Oleh : Ustaz Muafa (Mokhamad Rohma Rozikin/M.R.Rozikin)
Salah satu manfaat pembahasan dzabh (الذَّبْحُ) dengan ‘aqr (الْعَقْرُ) adalah untuk memahami pernyataan para fukaha pada saat mengkaji hukum-hukum seputar penyembelihan. Misalnya pernyataan Abu Syuja’ berikut ini,
وما قدر على ذكاته فذكاته في حلقه ولبته وما لم يقدر على ذكاته فذكاته عقره حيث قدر عليه (متن أبي شجاع المسمى الغاية والتقريب (ص: 42)
Artinya,
“Hewan yang bisa di-dzakah maka dzakah-nya adalah (disembelih) pada leher atau di bawah lehernya. Adapun hewan yang tidak bisa di-dzakah (dengan penyembelihan), maka dzakah-nya adalah dengan ‘aqr di (lokasi tubuh) manapun yang mampu dijangkau” (Al-Ghoyah wa At-Taqrib, hlm 42)
Telah diketahui, hukum asal semua hewan adalah halal dimakan. Tidak ada hewan haram kecuali yang dinyatakan oleh dalil. Babi, keledai jinak, hewan bertaring, dan burung bercakar tajam adalah contoh-contoh hewan yang haram dimakan karena ada dalil khusus yang menunjukkannya. Semua hewan selain itu hukum asalnya adalah halal.
Hanya saja, kehalalan hewan untuk dimakan itu disyaratkan cara kematiannya harus benar. Hewan-hewan yang cara matinya tidak memenuhi kriteria, seperti mati sendiri, tercekik sampai mati, tertanduk sampai mati, jatuh ke jurang sampai mati dan semisalnya, statusnya dihukumi bangkai. Hewan yang statusnya bangkai hukumnya haram dimakan karena Allah mengharamkan semua bangkai kecuali dua macam bangkai saja yaitu ikan dan belalang.
Kematian hewan yang diminta oleh syara’ adalah dengan mekanisme penyembelihan.
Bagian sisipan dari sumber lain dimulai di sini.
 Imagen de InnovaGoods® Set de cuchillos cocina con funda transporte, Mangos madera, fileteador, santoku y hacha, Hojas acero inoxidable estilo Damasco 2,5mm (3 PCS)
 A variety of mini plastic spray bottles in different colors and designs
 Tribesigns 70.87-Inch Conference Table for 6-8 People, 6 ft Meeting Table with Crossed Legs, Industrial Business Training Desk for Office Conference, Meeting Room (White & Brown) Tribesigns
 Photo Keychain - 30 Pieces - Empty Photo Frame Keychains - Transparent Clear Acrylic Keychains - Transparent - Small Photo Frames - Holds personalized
Aktifitas penyembelihan yang syar’i dan sempurna harus merealisasikan sifat tadzfif (dispatching/pembunuhan sempurna) melalui pemotongan hulqum (throat/tenggorokan), mari’ (esophagus/kerongkongan) dan dua wadaj (jugular veins) dengan alat tajam yang tidak boleh berupa kuku, tulang atau gigi. Penyembelihan seperti inilah yang disebut dengan istilah dzabh (الذَّبْحُ) syar’i. An-Nawawi berkata,
التَّذْفِيفُ بِقَطْعِ جَمِيعِ الْحُلْقُومِ وَالْمَرِّيءِ مِنْ حَيَوَانٍ فِيهِ حَيَاةٌ مُسْتَقِرَّةٌ بِآلَةٍ لَيْسَتْ عَظْمًا وَلَا ظُفْرًا (روضة الطالبين وعمدة المفتين (3/ 201)
Artinya,
“(penyembelihan adalah) pembunuhan sempurna melalui pemotongan hulqum (throat/tenggorokan), mari’ (esophagus/kerongkongan) pada hewan yang hidup dengan alat yang bukan tulang atau kuku. (Roudhotu Ath-Tholibin, juz 3 hlm 201)
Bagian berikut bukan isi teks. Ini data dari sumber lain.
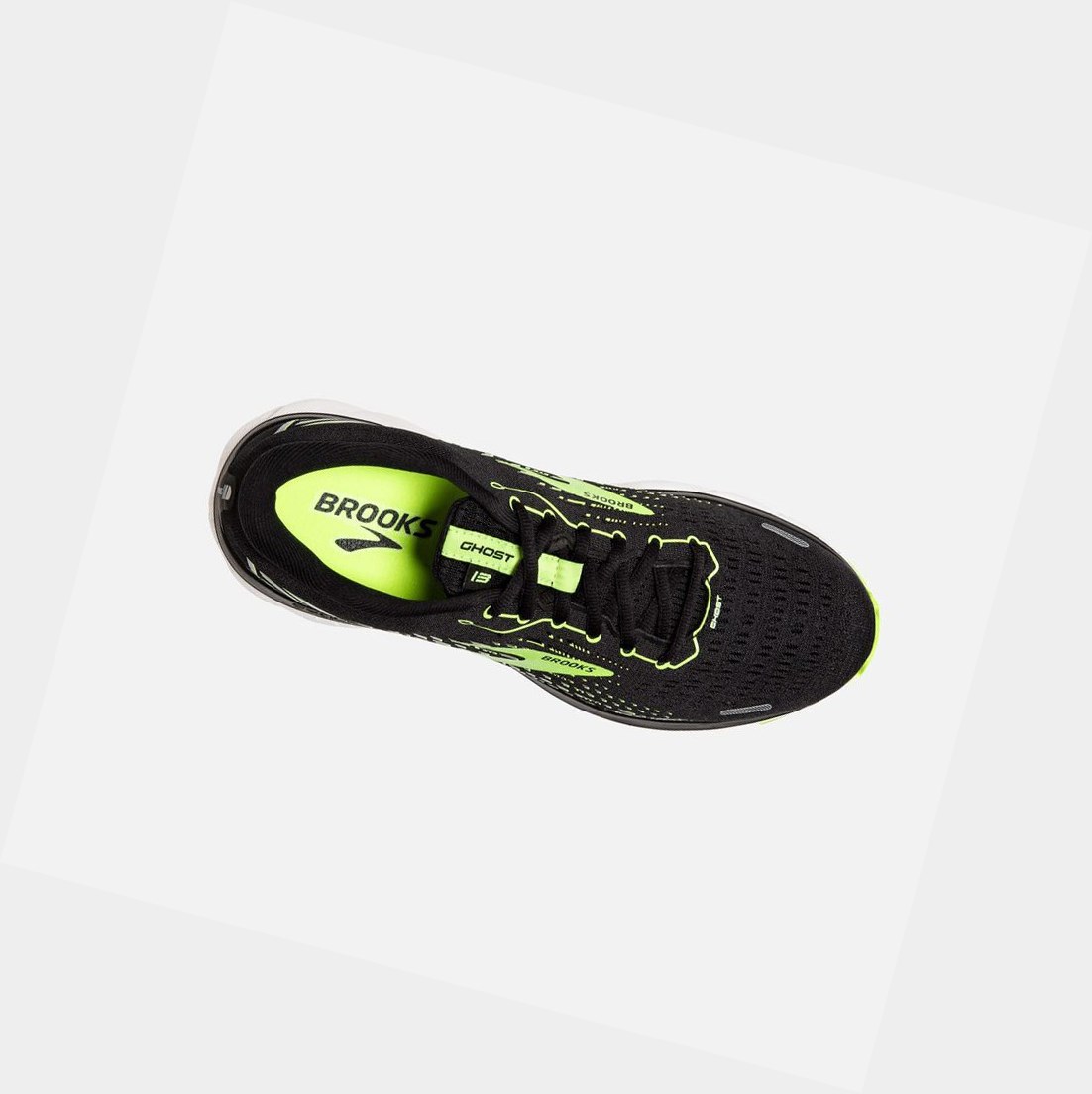 Chaussures Running Route Brooks Ghost 13 Homme Noir Blanche | CRWB84105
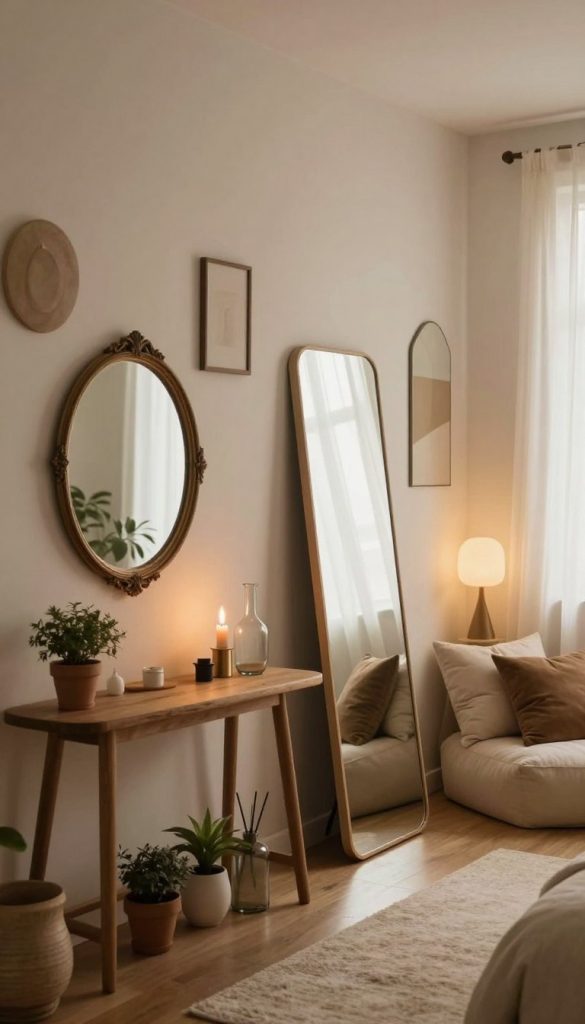 A cozy, romantic interior showcasing an assortment of mirrors in varying shapes and sizes, reflecting soft, ambient light. In the foreground, a round antique mirror with an ornate frame hangs above a simple wooden console table adorned with small potted plants and candle holders. The middle ground features a tall, sleek, minimalist mirror leaning against a wall, surrounded by warm-toned decor elements like glass vases and metallic accents. In the background, a softly lit corner with plush cushions and a light-colored rug enhances the inviting atmosphere. The overall mood is warm and inspiring, with natural light filtering through sheer curtains. This aesthetic evokes a Pinterest-worthy look, styled by KlickKiste.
Hanya saja, penyembelihan dengan deskripsi seperti di atas hanya mungkin dilakukan terhadap hewan-hewan yang berada dalam kendali manusia (maqdur ‘alaih) seperti dikandangkan, diikat, dijinakkan dan semisalnya. Adapun hewan-hewan yang tidak dalam kendali manusia (ghoiru maqdur ‘alaih) alias hewan liar (wahsyi) seperti hewan-hewan di hutan, atau hewan yang awalnya dikandangkan lalu berubah menjadi tak terkendali sehingga tidak mungkin disembelih, maka cara membunuh yang dituntut oleh syara’ sebagai pengganti dzabh (penyembelihan) adalah ‘aqr (الْعَقْرُ).
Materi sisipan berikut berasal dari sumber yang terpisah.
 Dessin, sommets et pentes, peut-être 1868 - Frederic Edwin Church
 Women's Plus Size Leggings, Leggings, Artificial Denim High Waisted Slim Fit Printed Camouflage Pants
Makna ‘aqr dalam istilah para fukaha adalah melukai binatang secara sengaja yang berdampak membunuh. Jadi, ketika seseorang memanah rusa dengan panah tajam lalu rusa itu mati, maka rusa tersebut halal dimakan meskipun tidak disembelih karena aktivitas tersebut tergolong ‘aqr. Ketika seorang pemburu melepaskan anjing, lalu anjing itu menangkap kancil dan menggigitnya sampai mati, maka kancil tersebut halal dimakan meskipun tidak disembelih karena aktivitas tersebut tergolong ‘aqr. Inilah perbedaan terpenting antara dzabh dengan ‘aqr. Dzabh dituntut untuk memotong sempurna kerongkongan dan tenggorokan agar hewan halal dimakan sementara ‘aqr cukup dilukai saja sampai mati di lokasi manapun dari tubuh hewan itu yang mungkin. An-Nawawi berkata,
وَأَمَّا الْعَقْرُ الَّذِي يُبِيحُ الصَّيْدَ بِلَا ذَكَاةٍ، فَهُوَ الْجُرْحُ الْمَقْصُودُ الْمُزْهِقُ الْوَارِدُ عَلَى حَيَوَانٍ وَحْشِيٍّ (روضة الطالبين وعمدة المفتين (3/ 249)
Artinya,
“Adapun ‘aqr yang membuat buruan menjadi halal dimakan tanpa disembelih, maka maknanya adalah melukai secara sengaja yang bersifat membunuh pada hewan yang tak terkendali/liar” (Roudhotu Ath-Tholibin, juz 3 hlm 249)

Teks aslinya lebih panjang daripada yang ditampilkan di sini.